Just checked the manuals online, and the direct out is definitely unbalanced. They show a diagram of using a TRS cable to connect to it, and that might be causing some confusion- but they also show shorting the ring to the shield in the connector.
It's supposed to be a 75Ohm output, if their block diagram is to be believed. So if you'd like to fake up an impedance-balanced connection to it, you could connect the ring to the shield inside the plug at the board end with a 75-ohm resistor. Whatever is on the far end would see a reasonably impedance balanced signal, and you'd have minimum noise (compared to simply going single-ended).
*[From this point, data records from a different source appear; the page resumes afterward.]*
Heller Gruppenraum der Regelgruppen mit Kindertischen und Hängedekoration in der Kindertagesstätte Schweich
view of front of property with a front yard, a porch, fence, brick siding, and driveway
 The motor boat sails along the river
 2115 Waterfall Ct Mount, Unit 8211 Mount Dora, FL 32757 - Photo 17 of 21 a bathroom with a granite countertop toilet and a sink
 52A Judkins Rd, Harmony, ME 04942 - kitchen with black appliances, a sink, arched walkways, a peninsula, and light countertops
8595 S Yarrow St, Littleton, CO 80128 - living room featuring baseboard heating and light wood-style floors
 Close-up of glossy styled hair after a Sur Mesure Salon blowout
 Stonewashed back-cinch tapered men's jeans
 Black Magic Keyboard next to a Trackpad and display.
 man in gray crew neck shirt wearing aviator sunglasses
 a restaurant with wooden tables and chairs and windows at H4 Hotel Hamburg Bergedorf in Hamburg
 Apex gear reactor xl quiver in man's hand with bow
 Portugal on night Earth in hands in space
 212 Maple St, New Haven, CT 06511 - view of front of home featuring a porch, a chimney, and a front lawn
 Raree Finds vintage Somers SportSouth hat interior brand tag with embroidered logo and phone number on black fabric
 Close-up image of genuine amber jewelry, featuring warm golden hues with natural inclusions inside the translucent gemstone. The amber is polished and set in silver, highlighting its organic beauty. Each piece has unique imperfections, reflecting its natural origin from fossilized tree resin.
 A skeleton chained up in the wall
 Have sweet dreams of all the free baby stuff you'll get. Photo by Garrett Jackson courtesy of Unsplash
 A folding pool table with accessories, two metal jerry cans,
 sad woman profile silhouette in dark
Or, you could simply short ring to shield, and have *almost* the same level of performance. For my money: do it the simple way, unless and until you have a noise problem- and then muck with it, doing the impedance balancing thing (or more likely, putting a transformer in there to get a _real_ balanced differential output).
I just realized that I probably sold Soundcraft a bit short in that last post: impedance balancing really isn't a trivial exercise. The hard thing about doing impedance balancing after the fact (on somebody else's product that you just bought) is that it is very difficult to determine the actual output impedance of a driver. For any active driver, its output resistance as a function of frequency will be a much more complex function than a simple resistor to ground.
When the manufacturer does it, they have the circuit design right in front of them- so they can use a more complex circuit (probably an RC pi section or two) to more closely model the output impedance across all the frequencies of interest. I'll pretty much guarantee that Soundcraft doesn't just use a simple resistor. The closer the impedance match of that balancing circuit to the driver circuit, the better the noise rejection will be at the receiving end.
Anyway, a simple resistor won't be perfect, but it might be close enough for after-the-fact use. Sorry if that caused any confusion.